> _Records provided_:
◇ ◇ ◇ ◇ ◇ ◇ ◇
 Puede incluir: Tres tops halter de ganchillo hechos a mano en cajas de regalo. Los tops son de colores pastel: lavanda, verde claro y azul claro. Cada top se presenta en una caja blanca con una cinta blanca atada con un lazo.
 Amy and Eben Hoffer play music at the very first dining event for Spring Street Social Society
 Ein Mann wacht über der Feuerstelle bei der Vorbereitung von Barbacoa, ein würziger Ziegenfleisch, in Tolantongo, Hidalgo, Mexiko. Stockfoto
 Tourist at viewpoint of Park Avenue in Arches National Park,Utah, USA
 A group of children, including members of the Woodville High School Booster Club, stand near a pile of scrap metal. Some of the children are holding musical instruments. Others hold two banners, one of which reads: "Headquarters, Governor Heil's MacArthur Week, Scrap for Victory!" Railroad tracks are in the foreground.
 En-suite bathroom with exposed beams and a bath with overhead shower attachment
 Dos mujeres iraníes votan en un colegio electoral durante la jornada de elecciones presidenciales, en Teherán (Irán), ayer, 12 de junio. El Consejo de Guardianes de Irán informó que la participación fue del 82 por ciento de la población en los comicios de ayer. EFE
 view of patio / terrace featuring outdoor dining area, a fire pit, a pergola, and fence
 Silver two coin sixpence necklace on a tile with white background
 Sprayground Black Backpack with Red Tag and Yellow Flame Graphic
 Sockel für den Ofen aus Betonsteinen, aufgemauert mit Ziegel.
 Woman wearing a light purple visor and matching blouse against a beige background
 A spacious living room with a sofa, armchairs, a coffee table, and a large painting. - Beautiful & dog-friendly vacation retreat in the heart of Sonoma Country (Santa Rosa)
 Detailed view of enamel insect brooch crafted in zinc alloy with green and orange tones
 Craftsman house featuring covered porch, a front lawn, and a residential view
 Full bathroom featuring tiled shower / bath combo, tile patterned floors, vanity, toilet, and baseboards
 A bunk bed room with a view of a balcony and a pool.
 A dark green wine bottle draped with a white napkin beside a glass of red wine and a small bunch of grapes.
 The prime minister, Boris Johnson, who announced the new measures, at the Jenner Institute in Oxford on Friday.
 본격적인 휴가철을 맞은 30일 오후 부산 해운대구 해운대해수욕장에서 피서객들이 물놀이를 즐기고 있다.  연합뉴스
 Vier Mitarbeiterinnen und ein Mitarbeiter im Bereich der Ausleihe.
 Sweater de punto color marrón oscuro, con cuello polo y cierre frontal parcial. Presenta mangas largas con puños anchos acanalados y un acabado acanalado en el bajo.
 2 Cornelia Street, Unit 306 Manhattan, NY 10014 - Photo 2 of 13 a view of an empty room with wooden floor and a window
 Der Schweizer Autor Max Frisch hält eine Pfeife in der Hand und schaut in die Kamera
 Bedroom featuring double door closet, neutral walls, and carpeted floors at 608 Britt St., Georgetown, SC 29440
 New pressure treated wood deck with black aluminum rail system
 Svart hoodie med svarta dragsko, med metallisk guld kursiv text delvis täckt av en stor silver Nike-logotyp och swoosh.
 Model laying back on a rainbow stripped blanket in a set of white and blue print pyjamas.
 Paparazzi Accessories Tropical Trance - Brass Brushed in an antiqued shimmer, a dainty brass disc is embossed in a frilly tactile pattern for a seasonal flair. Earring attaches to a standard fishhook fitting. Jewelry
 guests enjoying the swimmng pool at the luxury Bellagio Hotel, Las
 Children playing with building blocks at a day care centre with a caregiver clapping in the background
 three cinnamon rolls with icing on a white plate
◇ ◇ ◇ ◇ ◇ ◇ ◇
> _How to complete this task_:
Of the entries above, transcribe exactly those lines that fall between the line containing "Paparazzi Accessories Tropical" and the line containing "guests enjoying the", together with those two lines.

> _Answer to the problem_:
 Paparazzi Accessories Tropical Trance - Brass Brushed in an antiqued shimmer, a dainty brass disc is embossed in a frilly tactile pattern for a seasonal flair. Earring attaches to a standard fishhook fitting. Jewelry
 guests enjoying the swimmng pool at the luxury Bellagio Hotel, Las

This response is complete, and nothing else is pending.